In [None]:
%%html
<style>
h1, h2, h3, h4, h5 {
    color: darkblue;
    font-weight: bold !important;
}
h2 {
    border-bottom: 8px solid darkblue !important;
    padding-bottom: 8px;
}
h3 {
    border-bottom: 2px solid darkblue !important;
    padding-bottom: 6px;
}
.info, .success, .warning, .error {
    border: 1px solid;
    margin: 10px 0px;
    padding:15px 10px;
}
.info {
    color: #00529b;
    background-color: #bde5f8;
}
.success {
    color: #4f8a10;
    background-color: #dff2bf;
}
.warning {
    color: #9f6000;
    background-color: #FEEFB3;
}
.error {
    color: #D8000C;
    background-color: #FFBABA;
}
.language-bash {
    font-weight: 900;
}
.ex {
    font-weight: 900;
    color: rgba(27,27,255,0.87) !important;
}
.mn {
    font-family: Menlo, Consolas, "DejaVu Sans Mono", monospace
}
table {
    margin-left: 0 !important;}
</style>

# Day 2: Up and Running with Python

## 2.6 Multithreading and Multiprocessing

### Sequential Execution

-   Threads can provide concurrency, even if they're not truly parallel.
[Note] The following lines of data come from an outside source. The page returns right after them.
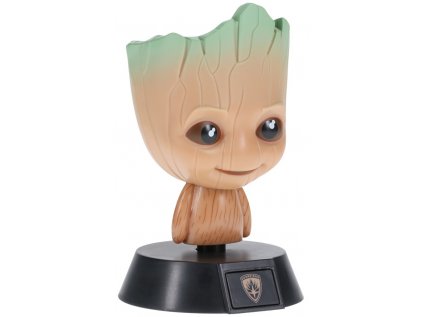 FIGURKA SVÍTÍCÍ|MARVEL  GROOT|GUARDIANS OF THE GALAXY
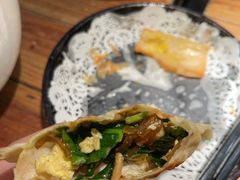韭菜盒子-符离集餐厅(万象城店)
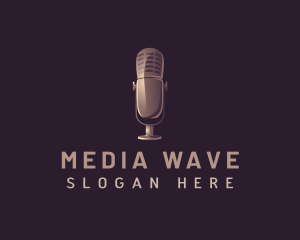 Media Mic Broadcast logo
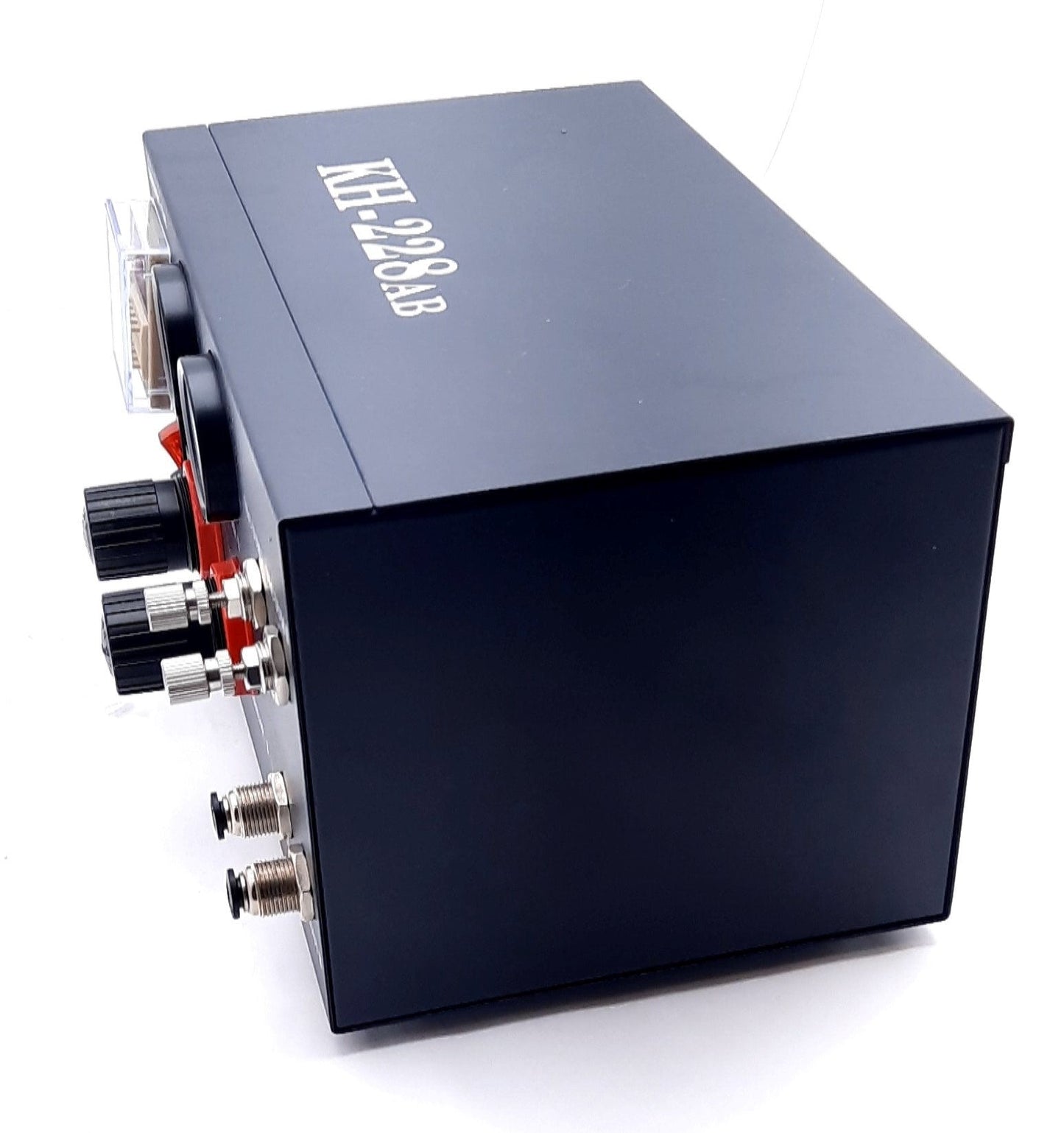 New Open Box Automatic AB KH-228AB Glue Dispenser Double Liquid Resin Dispenser 0.8Mpa 220VAC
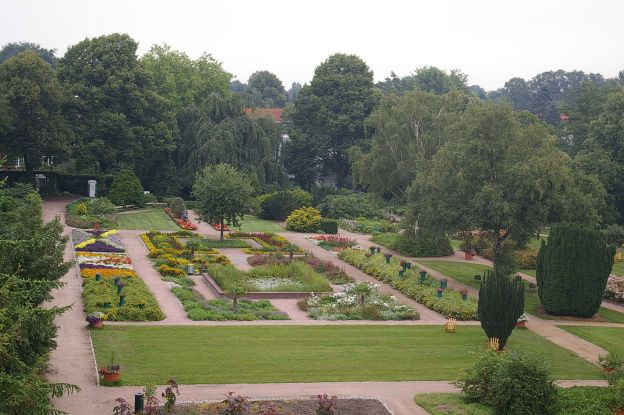 Botanischer Sondergarten, &copy; Helge Masch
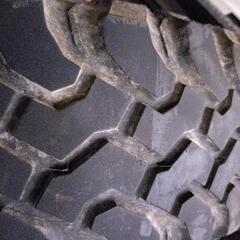 オフロードタイヤ　の画像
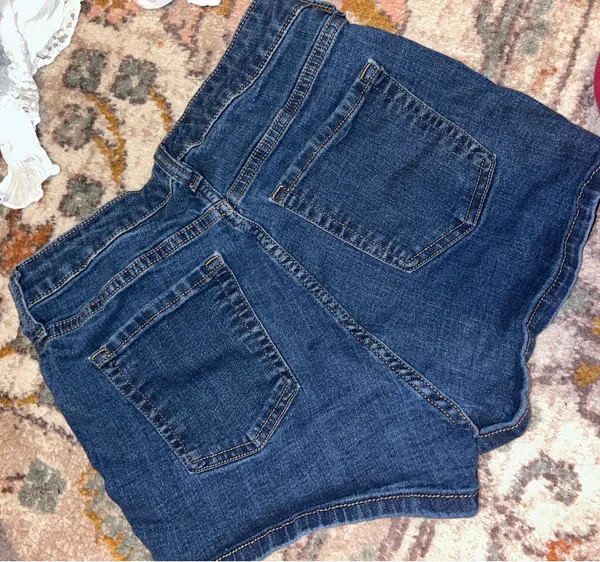 Wild Fable Stretchy denim Shorts - Image 2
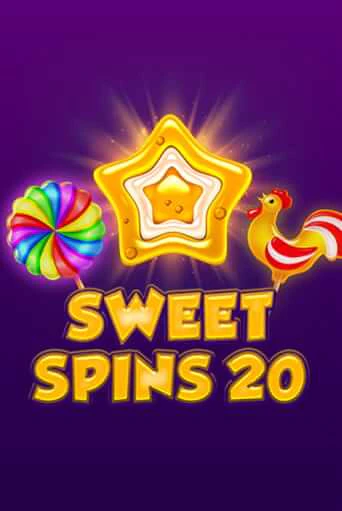 Sweet Spins 20 бесплатно играть онлайн на сайте Казино GRAND Онлайн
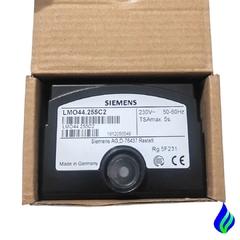 LMO44.255C2 Control De Llama Siemens Programador Para Quemador a ACPM - Controls Burner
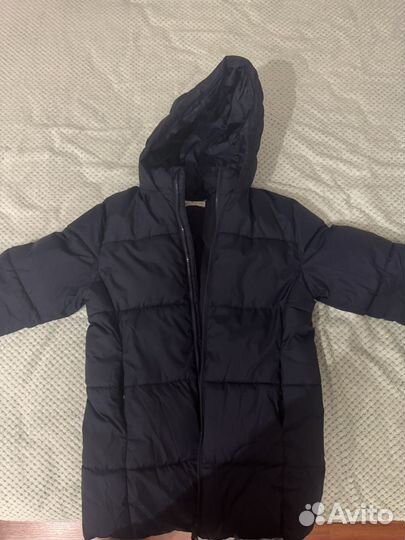 Пуховик детский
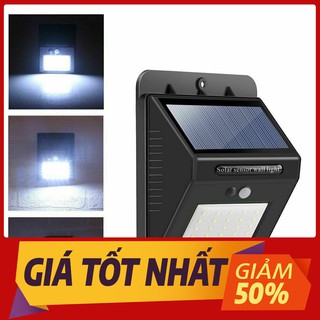 Đèn Cảm Ứng Chống Trộm - Tự Sáng Khi Có Người – Đèn Cảm Biến Tự Sáng Khi Có Tiếng Động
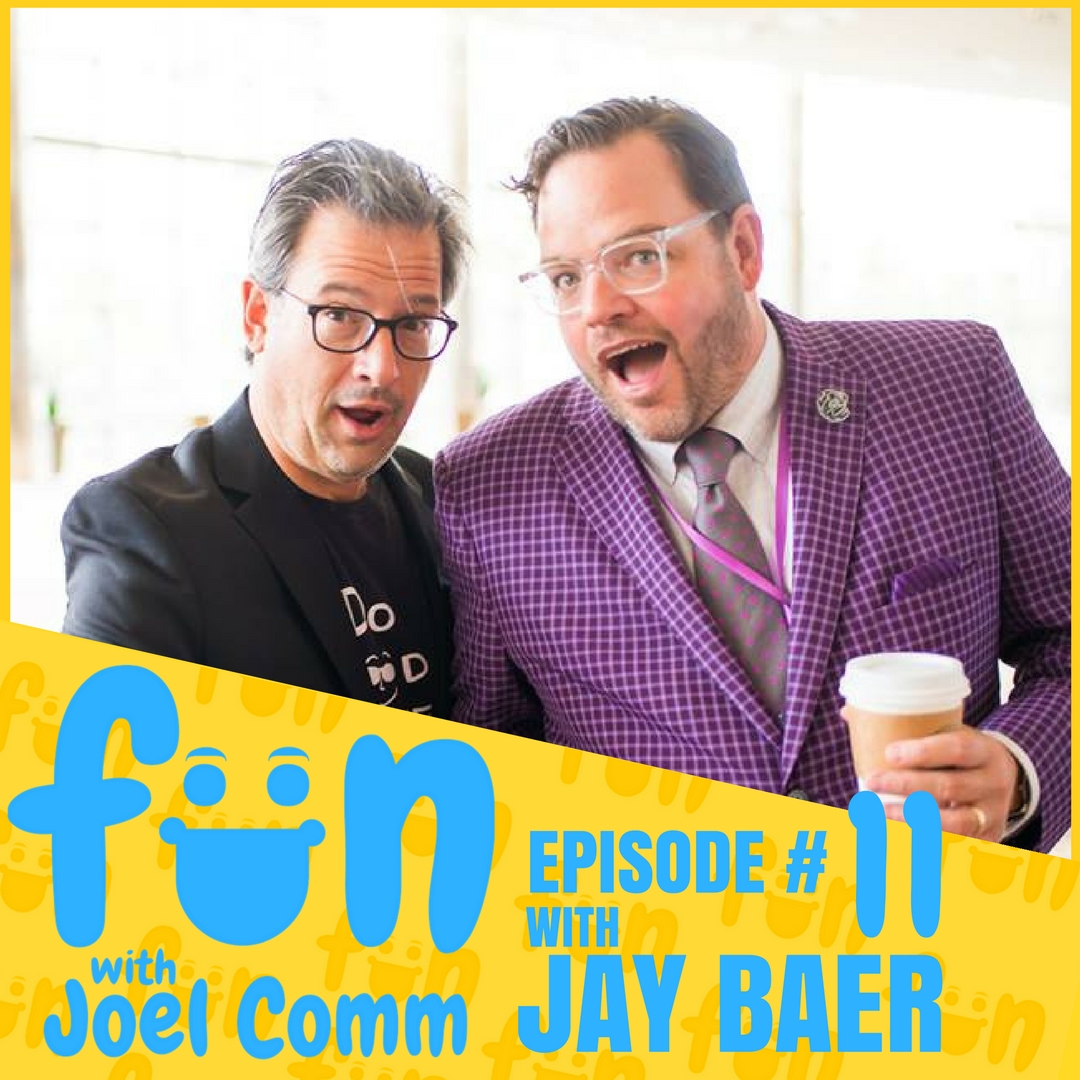 011: Jay Baer The Husky Gentleman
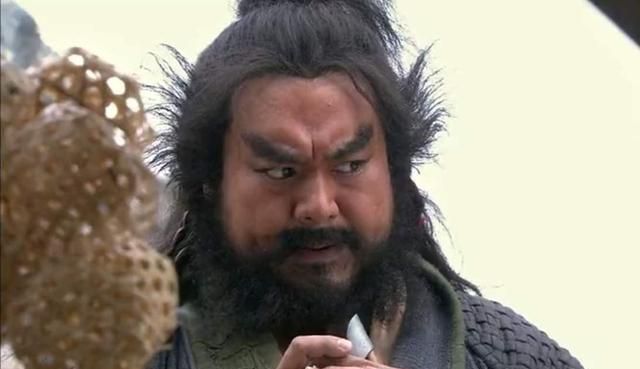 《水浒传》中性格特征最鲜明的人物—粗鲁、直率莽撞的李逵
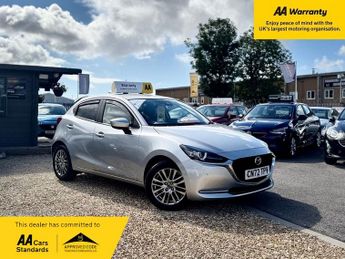 Mazda 2 GT SPORT TECH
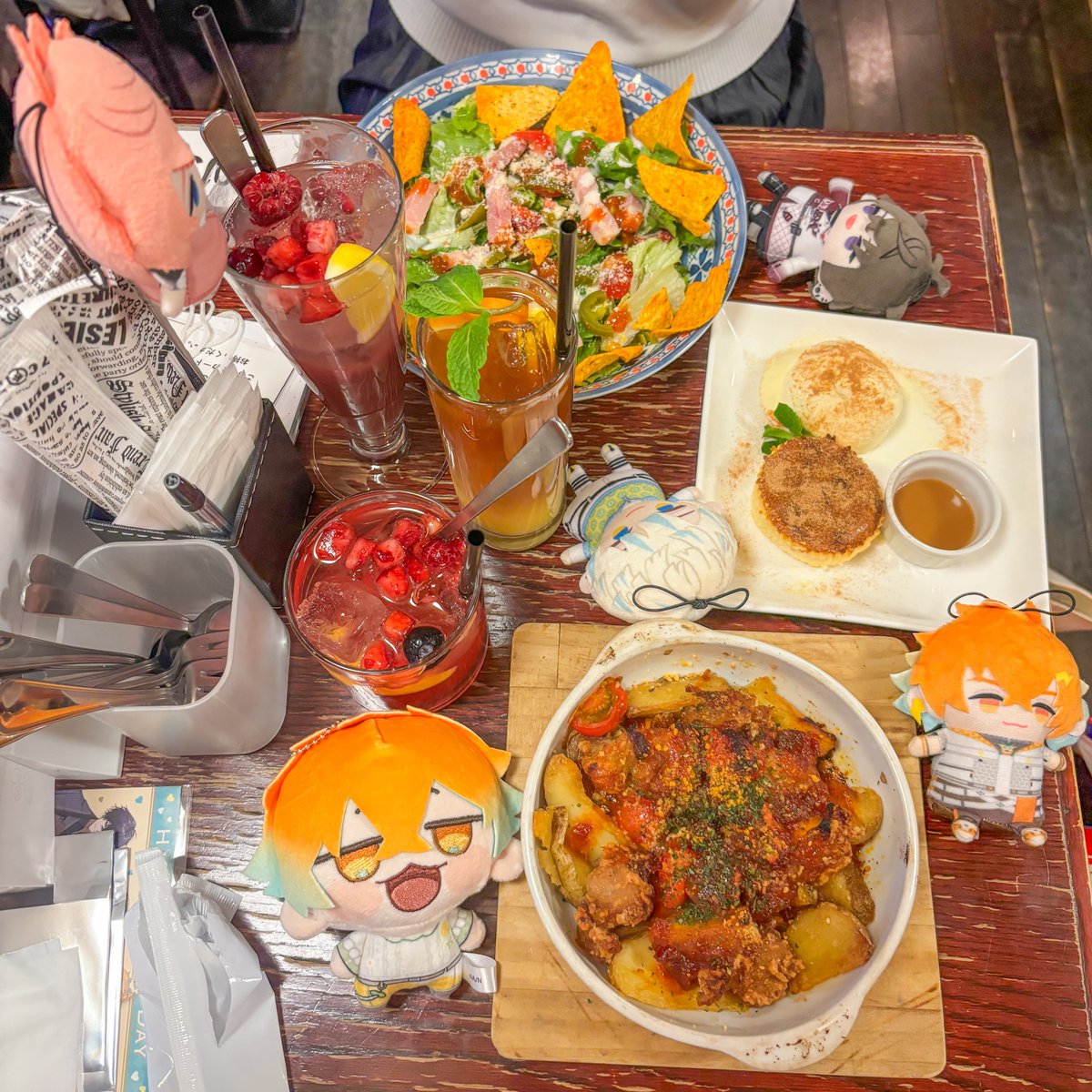 りゅう tweet media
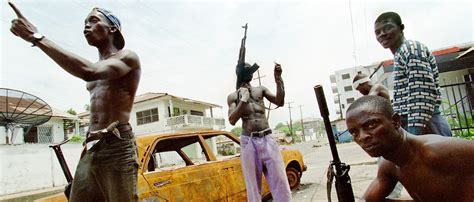 Liberia’s war criminals may finally face the music at home - ISS Africa - Flipboard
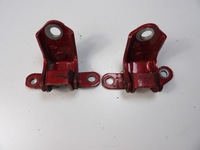 фото thumb №3, Ford fiesta mk7 петля петли дверь левый задняя комплект красные rul rll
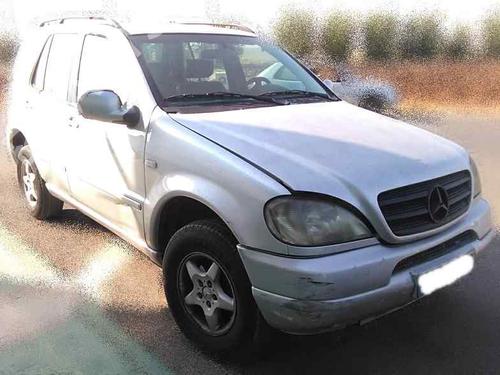 Used Left front driveshaft MERCEDES-BENZ M-CLASS (W163) ML 230 (163.136) (150 hp) 5695834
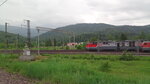 станция Теба (Kemerovo — Kuzbass Region, Mezhdurechenskiy munitsipalny okrug, posyolok Teba), train station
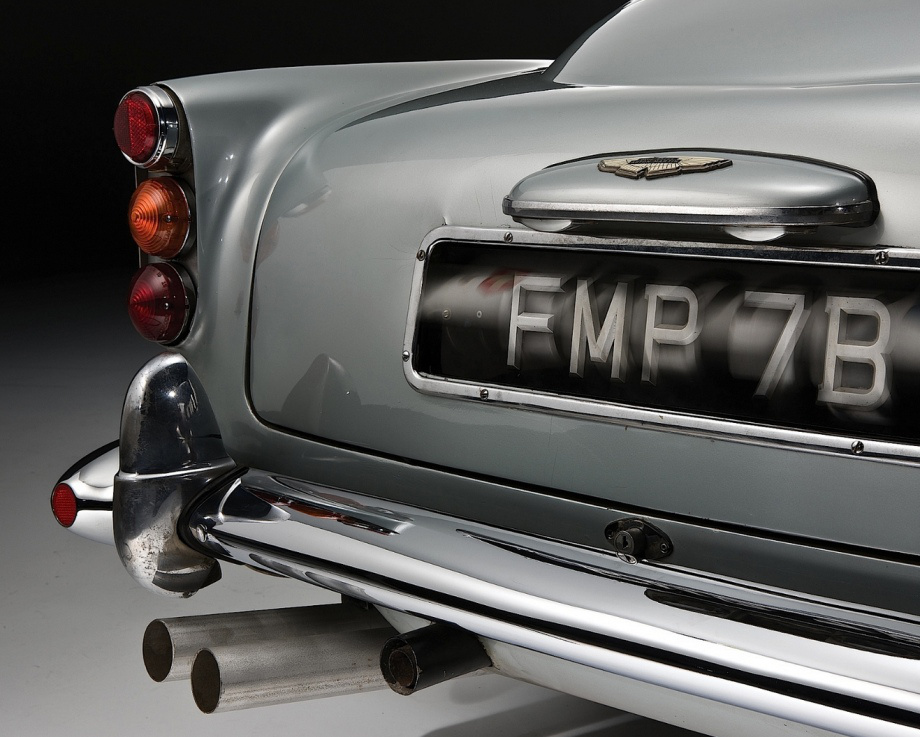 James Bond’un Gizli Silahı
<span class='ex'>Example: Sequential</span>

In [None]:
%%file ./sequential_1.py
import time
import requests

def cpu_task(number):
    for i in range(1000):
        sqr = number*number
    global squares
    squares.append(sqr)

def io_task(url):
    response = requests.get(url)
    global length
    length[url] = len(response.content)

########################
start_time = time.time()

squares = []
for n in list(range(1,11)):
    cpu_task(n)

end_time = time.time()
print(f'squares={squares}.\n Total time = {end_time-start_time}')
######################


########################
start_time = time.time()

urls = ['http://LinuxJournal.com',
        'http://en.wikipedia.org',
        'http://Facebook.com',
        'http://NYTimes.com',
        'http://thetech.com',
        'http://news.ycombinator.com',
        'http://WashingtonPost.com',
        'http://thetech.com',
        'http://Haaretz.co.il',
        'http://lerner.co.il'
       ]
length = {}
for url in urls:
    io_task(url)

end_time = time.time()
print(f'length={length}.\n Total time = {end_time-start_time}')
######################

In [None]:
!python ./sequential_1.py

### Multithreading

<span class='ex'>Example: Multithreading</span>

In [None]:
%%file ./thread_1.py
import time
import requests
import threading

def cpu_task(number):
    for i in range(100):
        sqr = number*number
    global squares
    squares.append(sqr)

def io_task(url):
    response = requests.get(url)
    global length
    length[url] = len(response.content)
    
########################
start_time = time.time()

squares = []
threads = []

for n in range(1,11):
    t = threading.Thread(target=cpu_task, args=(n,))
    threads.append(t)
    t.start()

for t in threads:
    t.join()

end_time = time.time()
print(f'squares={squares}.\n Total time = {end_time-start_time}')
######################


########################
start_time = time.time()

urls = ['http://LinuxJournal.com',
        'http://en.wikipedia.org',
        'http://Facebook.com',
        'http://NYTimes.com',
        'http://thetech.com',
        'http://news.ycombinator.com',
        'http://WashingtonPost.com',
        'http://thetech.com',
        'http://Haaretz.co.il',
        'http://lerner.co.il'
       ]
length = {}
threads = []

for url in urls:
    t = threading.Thread(target=io_task, args=(url,))
    threads.append(t)
    t.start()

for t in threads:
    t.join()

end_time = time.time()
print(f'length={length}.\n Total time = {end_time-start_time}')
######################

In [None]:
!python ./thread_1.py

#### It is noticed that
-   The multithreading program performs faster then the task is IO-bound but not CPU-bound.
-   There is a race condition in updating shared resources: `square` and `length`.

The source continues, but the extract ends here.